* What this task involves
For the copy, please give all of the data again exactly and leave the pictures out.

* Data segment

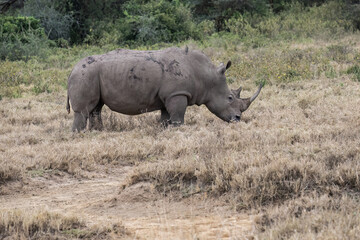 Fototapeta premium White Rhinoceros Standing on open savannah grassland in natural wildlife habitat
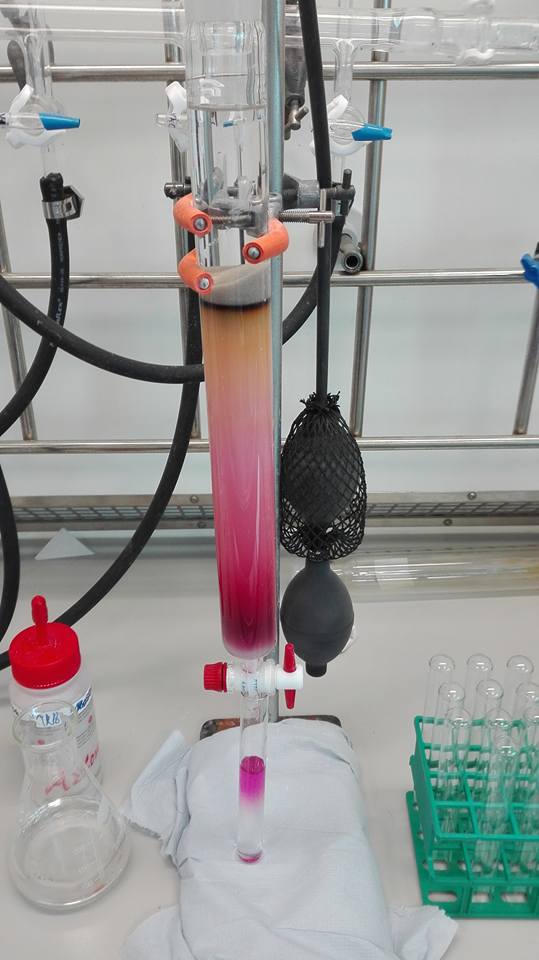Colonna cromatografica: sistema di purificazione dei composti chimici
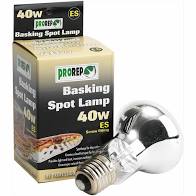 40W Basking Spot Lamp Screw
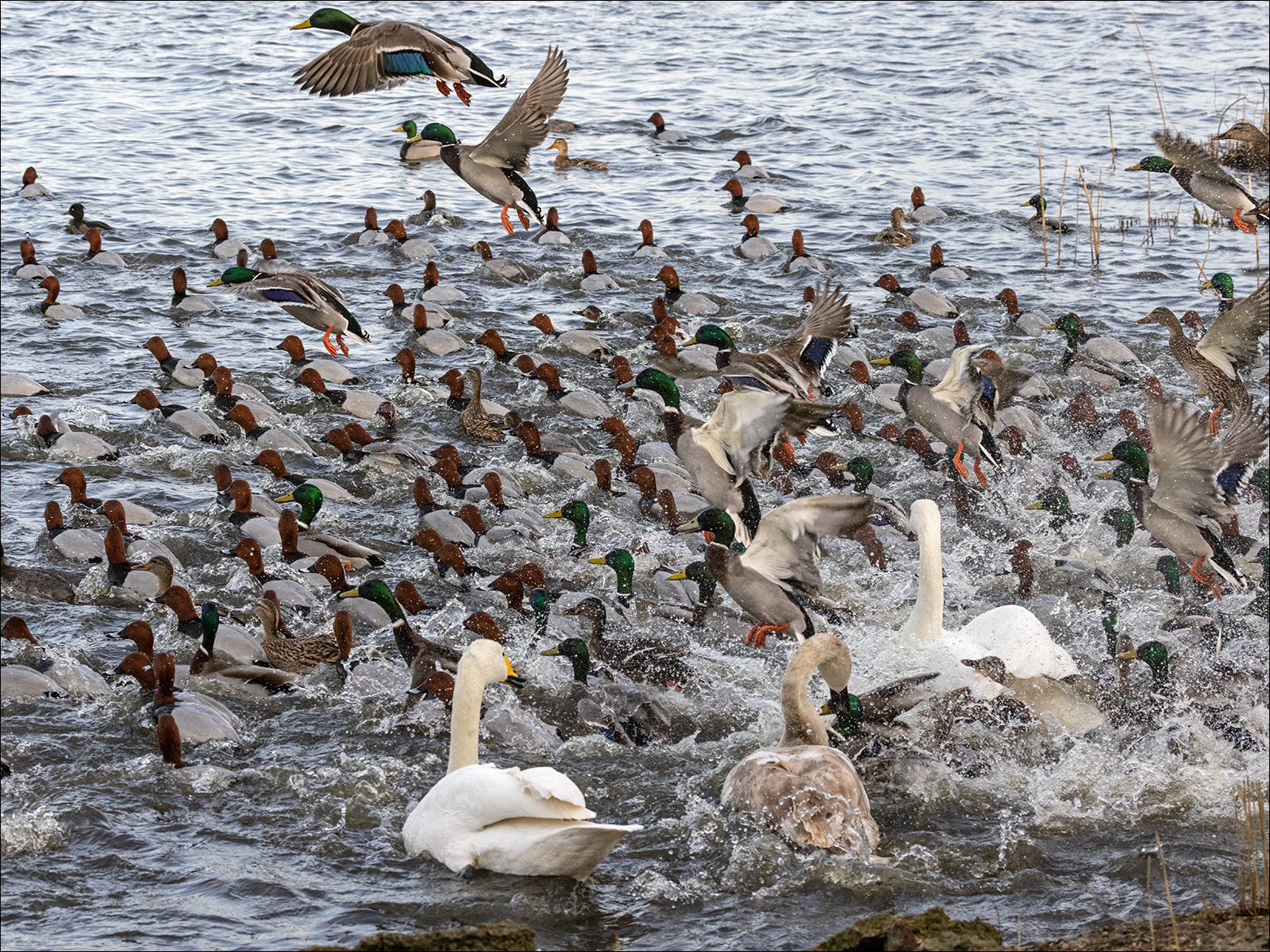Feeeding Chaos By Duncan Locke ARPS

* Completed exercise
 Fototapeta premium White Rhinoceros Standing on open savannah grassland in natural wildlife habitat
Colonna cromatografica: sistema di purificazione dei composti chimici
 40W Basking Spot Lamp Screw
Feeeding Chaos By Duncan Locke ARPS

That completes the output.